Pictures are to be left out, and every entry repeated exactly.

Short web captions
--- START ---
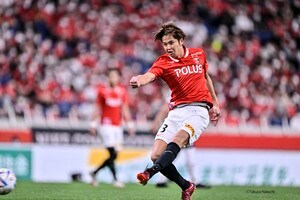 【浦和レッズ】「伊藤敦樹がバラックに見えた」！ FC東京戦で埼スタを沸かせた圧巻場面に「セルティックに引っこ抜かれそう」【動画】の画像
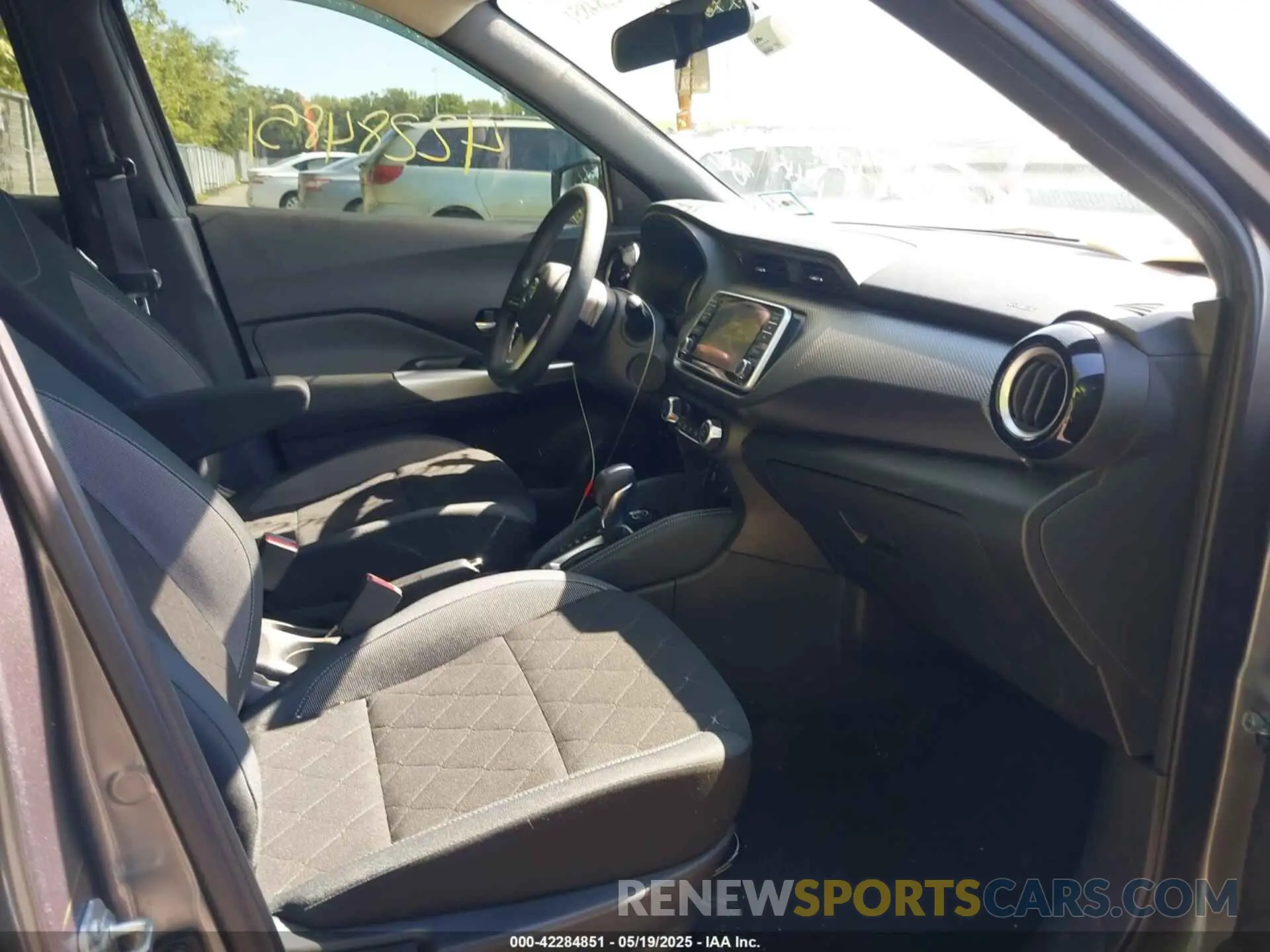 5 Photograph of a damaged car 3N1CP5CUXKL509462 NISSAN KICKS 2019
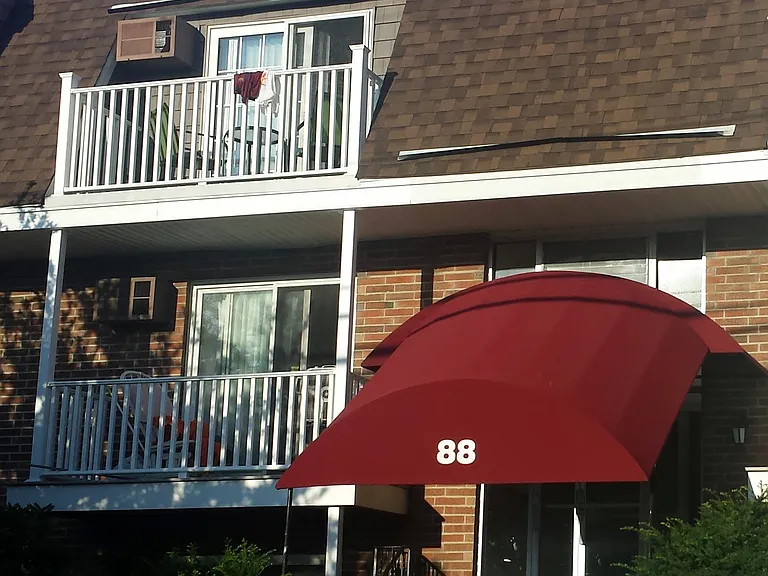88 Beacon St #MAIN — Photo 1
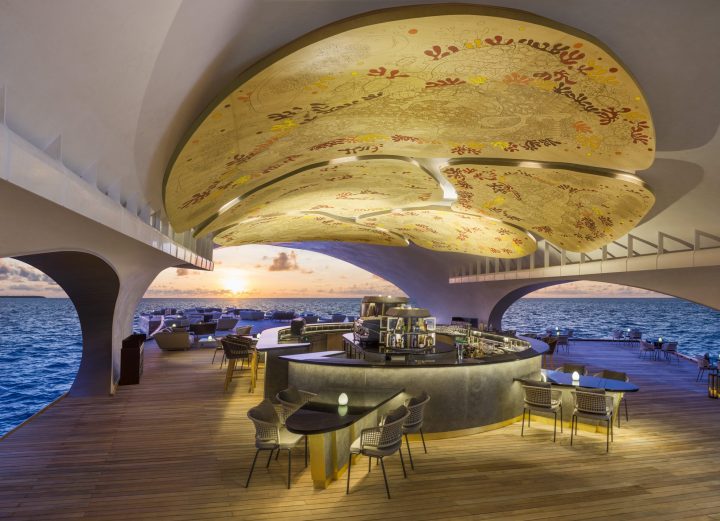 Strmlexrcl 206212 Whale Bar Mural And Bar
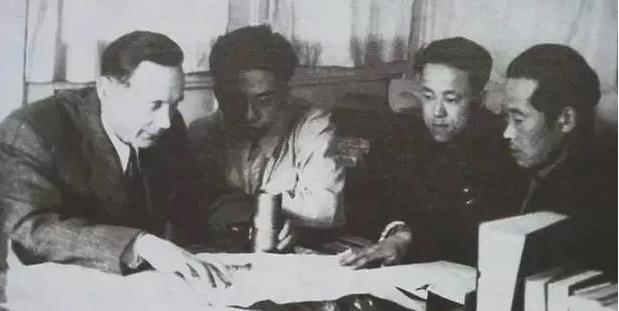 1960年，苏联违反协议，把所有派往中国的科学家都撤回了。当时实验室里的图纸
--- END ---
• [SOLUTION BELOW]
 【浦和レッズ】「伊藤敦樹がバラックに見えた」！ FC東京戦で埼スタを沸かせた圧巻場面に「セルティックに引っこ抜かれそう」【動画】の画像
 5 Photograph of a damaged car 3N1CP5CUXKL509462 NISSAN KICKS 2019
88 Beacon St #MAIN — Photo 1
 Strmlexrcl 206212 Whale Bar Mural And Bar
 1960年，苏联违反协议，把所有派往中国的科学家都撤回了。当时实验室里的图纸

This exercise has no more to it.